Conclusions: This study observes the impact of transcription factor SOX5 in the progression of head and neck squamous cell carcinoma. SOX5 has been found to be critical in EMT causing progression of HNSCC, as it has been shown in other types of cancers. Both upregulation and knockdown of SOX5 have provided evidence to characterize its oncogenic effect in HNSCC cells.
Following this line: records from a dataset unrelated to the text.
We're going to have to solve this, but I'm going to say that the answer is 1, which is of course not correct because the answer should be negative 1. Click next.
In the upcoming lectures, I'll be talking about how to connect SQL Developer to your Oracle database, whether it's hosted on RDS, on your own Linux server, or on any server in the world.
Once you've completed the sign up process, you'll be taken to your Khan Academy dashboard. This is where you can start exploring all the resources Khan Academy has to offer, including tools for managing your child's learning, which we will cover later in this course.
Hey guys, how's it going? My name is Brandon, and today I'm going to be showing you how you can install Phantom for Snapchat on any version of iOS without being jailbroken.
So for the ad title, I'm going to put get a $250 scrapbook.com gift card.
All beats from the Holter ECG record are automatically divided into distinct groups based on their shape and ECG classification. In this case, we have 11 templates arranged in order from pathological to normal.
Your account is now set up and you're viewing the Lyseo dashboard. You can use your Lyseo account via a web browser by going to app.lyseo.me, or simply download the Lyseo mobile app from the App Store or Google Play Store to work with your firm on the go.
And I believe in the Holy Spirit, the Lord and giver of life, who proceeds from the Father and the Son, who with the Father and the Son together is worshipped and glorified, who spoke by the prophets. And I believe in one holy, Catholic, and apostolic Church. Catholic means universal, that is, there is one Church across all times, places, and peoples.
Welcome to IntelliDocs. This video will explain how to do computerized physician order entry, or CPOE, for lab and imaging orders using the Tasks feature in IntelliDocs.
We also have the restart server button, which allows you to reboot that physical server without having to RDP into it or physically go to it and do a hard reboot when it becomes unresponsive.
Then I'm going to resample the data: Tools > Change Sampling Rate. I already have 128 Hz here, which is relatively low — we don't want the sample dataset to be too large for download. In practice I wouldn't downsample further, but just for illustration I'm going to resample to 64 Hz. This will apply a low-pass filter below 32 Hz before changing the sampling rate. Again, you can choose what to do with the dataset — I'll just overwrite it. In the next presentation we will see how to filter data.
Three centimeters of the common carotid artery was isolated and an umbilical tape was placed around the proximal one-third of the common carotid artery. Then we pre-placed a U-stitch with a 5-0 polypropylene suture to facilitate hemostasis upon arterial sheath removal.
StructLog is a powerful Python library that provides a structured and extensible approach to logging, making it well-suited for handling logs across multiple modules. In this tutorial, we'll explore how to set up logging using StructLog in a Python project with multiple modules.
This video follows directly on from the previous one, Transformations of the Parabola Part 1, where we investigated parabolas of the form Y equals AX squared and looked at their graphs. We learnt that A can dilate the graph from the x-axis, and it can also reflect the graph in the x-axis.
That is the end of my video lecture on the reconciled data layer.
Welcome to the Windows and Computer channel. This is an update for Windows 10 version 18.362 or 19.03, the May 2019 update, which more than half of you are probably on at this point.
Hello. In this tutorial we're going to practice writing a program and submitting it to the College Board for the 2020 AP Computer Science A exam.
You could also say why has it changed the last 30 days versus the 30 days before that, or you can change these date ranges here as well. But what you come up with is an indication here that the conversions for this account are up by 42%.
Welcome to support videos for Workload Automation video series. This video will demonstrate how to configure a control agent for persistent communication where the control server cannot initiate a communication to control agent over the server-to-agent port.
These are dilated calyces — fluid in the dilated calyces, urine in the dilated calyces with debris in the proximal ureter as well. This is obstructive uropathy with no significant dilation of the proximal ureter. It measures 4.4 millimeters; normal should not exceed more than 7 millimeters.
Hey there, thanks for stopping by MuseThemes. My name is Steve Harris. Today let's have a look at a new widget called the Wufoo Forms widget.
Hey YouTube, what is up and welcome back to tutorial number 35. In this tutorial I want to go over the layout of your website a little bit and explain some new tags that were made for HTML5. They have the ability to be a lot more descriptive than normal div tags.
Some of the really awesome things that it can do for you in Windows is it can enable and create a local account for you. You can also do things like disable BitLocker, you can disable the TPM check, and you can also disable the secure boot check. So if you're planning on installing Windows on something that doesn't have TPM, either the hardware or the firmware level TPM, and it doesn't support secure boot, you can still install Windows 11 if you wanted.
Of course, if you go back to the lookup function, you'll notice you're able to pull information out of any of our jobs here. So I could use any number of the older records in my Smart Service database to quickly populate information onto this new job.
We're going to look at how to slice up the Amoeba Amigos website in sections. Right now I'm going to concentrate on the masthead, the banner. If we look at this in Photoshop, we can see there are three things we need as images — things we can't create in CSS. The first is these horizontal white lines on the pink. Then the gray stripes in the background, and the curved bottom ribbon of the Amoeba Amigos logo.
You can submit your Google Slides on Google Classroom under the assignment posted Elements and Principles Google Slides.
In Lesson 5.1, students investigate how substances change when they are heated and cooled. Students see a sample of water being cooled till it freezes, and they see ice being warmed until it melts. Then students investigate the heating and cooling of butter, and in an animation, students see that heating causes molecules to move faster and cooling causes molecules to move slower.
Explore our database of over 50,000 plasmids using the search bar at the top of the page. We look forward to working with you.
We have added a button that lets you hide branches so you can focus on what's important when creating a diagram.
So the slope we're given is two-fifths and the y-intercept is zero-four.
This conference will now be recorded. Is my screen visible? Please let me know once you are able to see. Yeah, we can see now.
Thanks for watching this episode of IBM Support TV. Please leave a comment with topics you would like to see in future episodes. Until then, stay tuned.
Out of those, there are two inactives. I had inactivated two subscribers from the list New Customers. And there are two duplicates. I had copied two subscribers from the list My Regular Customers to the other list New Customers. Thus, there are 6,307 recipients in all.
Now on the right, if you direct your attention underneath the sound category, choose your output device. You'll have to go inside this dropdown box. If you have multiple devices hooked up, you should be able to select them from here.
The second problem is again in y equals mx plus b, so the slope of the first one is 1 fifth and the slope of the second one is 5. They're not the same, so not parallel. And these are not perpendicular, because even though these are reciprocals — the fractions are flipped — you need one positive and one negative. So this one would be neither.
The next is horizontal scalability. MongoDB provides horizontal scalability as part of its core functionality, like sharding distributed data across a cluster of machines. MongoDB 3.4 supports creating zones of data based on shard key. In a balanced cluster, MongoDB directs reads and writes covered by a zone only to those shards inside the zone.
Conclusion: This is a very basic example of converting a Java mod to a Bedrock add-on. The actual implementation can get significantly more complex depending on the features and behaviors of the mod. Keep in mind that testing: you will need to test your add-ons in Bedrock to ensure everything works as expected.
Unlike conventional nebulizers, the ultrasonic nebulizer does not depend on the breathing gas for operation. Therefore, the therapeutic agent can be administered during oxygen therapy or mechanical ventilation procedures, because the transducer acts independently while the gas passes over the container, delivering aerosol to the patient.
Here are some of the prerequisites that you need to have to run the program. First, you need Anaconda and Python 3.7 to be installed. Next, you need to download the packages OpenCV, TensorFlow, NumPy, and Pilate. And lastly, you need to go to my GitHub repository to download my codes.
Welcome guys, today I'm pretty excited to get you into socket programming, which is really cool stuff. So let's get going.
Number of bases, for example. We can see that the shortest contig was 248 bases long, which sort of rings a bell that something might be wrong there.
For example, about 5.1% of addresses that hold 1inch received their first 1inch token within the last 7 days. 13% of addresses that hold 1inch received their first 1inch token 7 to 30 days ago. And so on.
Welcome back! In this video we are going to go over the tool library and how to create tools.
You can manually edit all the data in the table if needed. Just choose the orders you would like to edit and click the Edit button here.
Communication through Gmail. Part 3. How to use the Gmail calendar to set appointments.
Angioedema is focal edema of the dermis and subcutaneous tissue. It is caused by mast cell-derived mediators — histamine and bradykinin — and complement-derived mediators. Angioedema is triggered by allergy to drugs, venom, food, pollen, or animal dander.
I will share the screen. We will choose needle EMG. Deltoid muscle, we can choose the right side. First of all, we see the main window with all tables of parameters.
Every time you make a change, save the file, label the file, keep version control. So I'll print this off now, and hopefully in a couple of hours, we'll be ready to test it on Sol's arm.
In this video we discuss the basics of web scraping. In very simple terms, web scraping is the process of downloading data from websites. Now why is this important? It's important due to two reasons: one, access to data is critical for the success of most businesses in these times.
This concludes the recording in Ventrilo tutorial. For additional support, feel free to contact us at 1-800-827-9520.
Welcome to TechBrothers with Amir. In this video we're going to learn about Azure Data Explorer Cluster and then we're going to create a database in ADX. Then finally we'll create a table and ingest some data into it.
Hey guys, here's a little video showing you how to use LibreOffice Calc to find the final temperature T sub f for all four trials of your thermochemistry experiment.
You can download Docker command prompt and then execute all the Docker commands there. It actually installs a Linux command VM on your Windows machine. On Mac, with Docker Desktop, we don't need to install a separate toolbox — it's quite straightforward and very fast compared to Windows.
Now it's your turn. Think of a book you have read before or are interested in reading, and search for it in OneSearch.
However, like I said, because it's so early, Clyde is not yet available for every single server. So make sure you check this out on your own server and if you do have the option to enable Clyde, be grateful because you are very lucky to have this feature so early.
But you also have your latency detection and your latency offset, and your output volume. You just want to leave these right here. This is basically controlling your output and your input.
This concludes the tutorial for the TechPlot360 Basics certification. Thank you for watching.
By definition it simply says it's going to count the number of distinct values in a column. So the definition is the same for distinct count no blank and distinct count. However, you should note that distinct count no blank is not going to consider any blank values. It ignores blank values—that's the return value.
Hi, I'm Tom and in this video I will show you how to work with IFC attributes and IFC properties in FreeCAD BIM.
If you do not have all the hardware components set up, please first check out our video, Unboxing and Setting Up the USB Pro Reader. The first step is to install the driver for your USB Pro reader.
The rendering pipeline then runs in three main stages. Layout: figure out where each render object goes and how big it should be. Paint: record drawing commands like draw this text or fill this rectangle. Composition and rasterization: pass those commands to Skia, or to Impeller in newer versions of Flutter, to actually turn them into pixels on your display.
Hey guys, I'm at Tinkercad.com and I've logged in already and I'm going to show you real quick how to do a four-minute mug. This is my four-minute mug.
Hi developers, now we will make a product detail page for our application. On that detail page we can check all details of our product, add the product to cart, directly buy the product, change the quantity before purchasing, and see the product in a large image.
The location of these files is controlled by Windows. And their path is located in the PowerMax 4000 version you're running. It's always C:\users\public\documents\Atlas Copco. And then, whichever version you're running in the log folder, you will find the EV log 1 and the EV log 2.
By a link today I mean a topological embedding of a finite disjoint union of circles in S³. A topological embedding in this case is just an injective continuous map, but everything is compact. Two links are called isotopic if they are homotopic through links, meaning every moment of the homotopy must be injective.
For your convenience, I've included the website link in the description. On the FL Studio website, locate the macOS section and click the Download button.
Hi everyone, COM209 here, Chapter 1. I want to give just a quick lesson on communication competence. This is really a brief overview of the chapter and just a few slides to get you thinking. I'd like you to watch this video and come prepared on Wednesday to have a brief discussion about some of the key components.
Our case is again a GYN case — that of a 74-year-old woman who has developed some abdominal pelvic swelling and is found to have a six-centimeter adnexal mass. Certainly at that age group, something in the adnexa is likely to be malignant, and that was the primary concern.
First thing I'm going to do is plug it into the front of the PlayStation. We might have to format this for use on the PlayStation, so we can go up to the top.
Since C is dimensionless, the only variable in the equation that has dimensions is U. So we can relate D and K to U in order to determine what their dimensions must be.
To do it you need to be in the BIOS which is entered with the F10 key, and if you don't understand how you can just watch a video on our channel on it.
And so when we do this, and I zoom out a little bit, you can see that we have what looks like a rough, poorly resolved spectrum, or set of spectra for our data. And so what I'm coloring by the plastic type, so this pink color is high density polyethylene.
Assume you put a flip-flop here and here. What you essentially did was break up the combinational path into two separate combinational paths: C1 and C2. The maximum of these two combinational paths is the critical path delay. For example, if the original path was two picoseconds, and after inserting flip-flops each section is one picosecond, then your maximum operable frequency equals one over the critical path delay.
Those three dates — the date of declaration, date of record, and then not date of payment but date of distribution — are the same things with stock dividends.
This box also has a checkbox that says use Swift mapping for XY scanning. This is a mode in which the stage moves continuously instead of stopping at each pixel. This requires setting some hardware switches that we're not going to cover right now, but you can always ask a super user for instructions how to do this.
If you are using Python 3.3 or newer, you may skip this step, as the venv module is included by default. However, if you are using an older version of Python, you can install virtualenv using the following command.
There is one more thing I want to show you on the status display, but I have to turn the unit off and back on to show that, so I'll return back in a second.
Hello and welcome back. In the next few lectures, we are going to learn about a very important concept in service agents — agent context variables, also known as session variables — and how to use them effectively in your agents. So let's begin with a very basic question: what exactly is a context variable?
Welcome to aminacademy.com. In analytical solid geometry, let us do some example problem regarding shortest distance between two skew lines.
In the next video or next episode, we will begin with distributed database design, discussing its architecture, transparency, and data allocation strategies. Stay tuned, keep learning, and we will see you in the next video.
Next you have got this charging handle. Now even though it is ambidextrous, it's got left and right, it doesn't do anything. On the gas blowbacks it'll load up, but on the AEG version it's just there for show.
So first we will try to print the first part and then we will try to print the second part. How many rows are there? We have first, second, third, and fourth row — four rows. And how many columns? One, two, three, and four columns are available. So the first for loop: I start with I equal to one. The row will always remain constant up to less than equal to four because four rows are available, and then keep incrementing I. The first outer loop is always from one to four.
This study also found a few of the potential targets of action and regulation of SOX5. A link between EGF, STAT3, SOX5 and TWIST-1 in a regulatory pathway is established suggesting that STAT3 may regulate SOX5 which may further regulate TWIST-1. Recognizing this mechanism of SOX5 in head and neck cancer provides additional insightful knowledge about the role of SOX family in cancer. With more validating research, SOX5 could be used as a prognostic biomarker in HNSCC.